══ DATA RECORDS ══

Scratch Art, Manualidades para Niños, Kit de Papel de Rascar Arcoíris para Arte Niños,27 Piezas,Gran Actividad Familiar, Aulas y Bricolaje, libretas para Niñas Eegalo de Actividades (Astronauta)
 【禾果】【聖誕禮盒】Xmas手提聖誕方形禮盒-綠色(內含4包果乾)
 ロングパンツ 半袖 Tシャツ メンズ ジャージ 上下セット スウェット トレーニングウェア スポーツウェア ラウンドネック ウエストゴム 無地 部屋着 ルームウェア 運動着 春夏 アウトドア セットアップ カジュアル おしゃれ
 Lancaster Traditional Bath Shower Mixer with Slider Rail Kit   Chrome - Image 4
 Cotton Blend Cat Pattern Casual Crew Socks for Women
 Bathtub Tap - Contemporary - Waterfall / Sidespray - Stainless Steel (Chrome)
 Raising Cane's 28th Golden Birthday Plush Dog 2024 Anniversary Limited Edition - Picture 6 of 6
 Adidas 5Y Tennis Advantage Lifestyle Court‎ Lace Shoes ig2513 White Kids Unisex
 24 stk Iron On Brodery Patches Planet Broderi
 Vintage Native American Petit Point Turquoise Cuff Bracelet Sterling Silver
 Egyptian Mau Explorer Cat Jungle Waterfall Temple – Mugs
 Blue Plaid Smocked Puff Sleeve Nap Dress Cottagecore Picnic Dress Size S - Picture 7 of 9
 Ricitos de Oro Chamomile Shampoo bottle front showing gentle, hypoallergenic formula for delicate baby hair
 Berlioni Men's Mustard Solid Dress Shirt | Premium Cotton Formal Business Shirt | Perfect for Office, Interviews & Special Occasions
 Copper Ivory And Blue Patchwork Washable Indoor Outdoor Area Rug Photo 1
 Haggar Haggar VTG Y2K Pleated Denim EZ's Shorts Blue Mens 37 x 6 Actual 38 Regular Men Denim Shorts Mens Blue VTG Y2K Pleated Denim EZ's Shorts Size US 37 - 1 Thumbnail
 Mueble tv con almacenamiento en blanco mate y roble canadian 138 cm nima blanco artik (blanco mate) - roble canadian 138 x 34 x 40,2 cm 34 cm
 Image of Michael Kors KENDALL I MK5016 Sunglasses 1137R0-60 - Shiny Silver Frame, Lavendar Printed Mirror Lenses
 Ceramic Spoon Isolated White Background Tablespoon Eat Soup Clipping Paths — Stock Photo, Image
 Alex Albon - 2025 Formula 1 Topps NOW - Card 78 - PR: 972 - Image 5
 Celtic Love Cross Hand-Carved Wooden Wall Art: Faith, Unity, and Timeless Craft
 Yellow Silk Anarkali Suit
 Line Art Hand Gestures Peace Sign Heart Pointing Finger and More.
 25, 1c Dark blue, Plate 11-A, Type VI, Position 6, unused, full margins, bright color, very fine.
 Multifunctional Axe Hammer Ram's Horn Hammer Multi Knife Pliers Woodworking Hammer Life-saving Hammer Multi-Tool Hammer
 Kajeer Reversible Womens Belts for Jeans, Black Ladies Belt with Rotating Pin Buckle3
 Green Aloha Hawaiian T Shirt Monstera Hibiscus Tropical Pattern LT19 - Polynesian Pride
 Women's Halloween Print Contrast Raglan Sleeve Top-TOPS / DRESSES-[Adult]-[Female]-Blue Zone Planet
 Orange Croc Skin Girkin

═══

=== TASK TO CARRY OUT ===
Reproduce all the entries verbatim, leaving nothing out.

=== RESULT OF THIS EXERCISE ===
Scratch Art, Manualidades para Niños, Kit de Papel de Rascar Arcoíris para Arte Niños,27 Piezas,Gran Actividad Familiar, Aulas y Bricolaje, libretas para Niñas Eegalo de Actividades (Astronauta)
 【禾果】【聖誕禮盒】Xmas手提聖誕方形禮盒-綠色(內含4包果乾)
 ロングパンツ 半袖 Tシャツ メンズ ジャージ 上下セット スウェット トレーニングウェア スポーツウェア ラウンドネック ウエストゴム 無地 部屋着 ルームウェア 運動着 春夏 アウトドア セットアップ カジュアル おしゃれ
 Lancaster Traditional Bath Shower Mixer with Slider Rail Kit   Chrome - Image 4
 Cotton Blend Cat Pattern Casual Crew Socks for Women
 Bathtub Tap - Contemporary - Waterfall / Sidespray - Stainless Steel (Chrome)
 Raising Cane's 28th Golden Birthday Plush Dog 2024 Anniversary Limited Edition - Picture 6 of 6
 Adidas 5Y Tennis Advantage Lifestyle Court‎ Lace Shoes ig2513 White Kids Unisex
 24 stk Iron On Brodery Patches Planet Broderi
 Vintage Native American Petit Point Turquoise Cuff Bracelet Sterling Silver
 Egyptian Mau Explorer Cat Jungle Waterfall Temple – Mugs
 Blue Plaid Smocked Puff Sleeve Nap Dress Cottagecore Picnic Dress Size S - Picture 7 of 9
 Ricitos de Oro Chamomile Shampoo bottle front showing gentle, hypoallergenic formula for delicate baby hair
 Berlioni Men's Mustard Solid Dress Shirt | Premium Cotton Formal Business Shirt | Perfect for Office, Interviews & Special Occasions
 Copper Ivory And Blue Patchwork Washable Indoor Outdoor Area Rug Photo 1
 Haggar Haggar VTG Y2K Pleated Denim EZ's Shorts Blue Mens 37 x 6 Actual 38 Regular Men Denim Shorts Mens Blue VTG Y2K Pleated Denim EZ's Shorts Size US 37 - 1 Thumbnail
 Mueble tv con almacenamiento en blanco mate y roble canadian 138 cm nima blanco artik (blanco mate) - roble canadian 138 x 34 x 40,2 cm 34 cm
 Image of Michael Kors KENDALL I MK5016 Sunglasses 1137R0-60 - Shiny Silver Frame, Lavendar Printed Mirror Lenses
 Ceramic Spoon Isolated White Background Tablespoon Eat Soup Clipping Paths — Stock Photo, Image
 Alex Albon - 2025 Formula 1 Topps NOW - Card 78 - PR: 972 - Image 5
 Celtic Love Cross Hand-Carved Wooden Wall Art: Faith, Unity, and Timeless Craft
 Yellow Silk Anarkali Suit
 Line Art Hand Gestures Peace Sign Heart Pointing Finger and More.
 25, 1c Dark blue, Plate 11-A, Type VI, Position 6, unused, full margins, bright color, very fine.
 Multifunctional Axe Hammer Ram's Horn Hammer Multi Knife Pliers Woodworking Hammer Life-saving Hammer Multi-Tool Hammer
 Kajeer Reversible Womens Belts for Jeans, Black Ladies Belt with Rotating Pin Buckle3
 Green Aloha Hawaiian T Shirt Monstera Hibiscus Tropical Pattern LT19 - Polynesian Pride
 Women's Halloween Print Contrast Raglan Sleeve Top-TOPS / DRESSES-[Adult]-[Female]-Blue Zone Planet
 Orange Croc Skin Girkin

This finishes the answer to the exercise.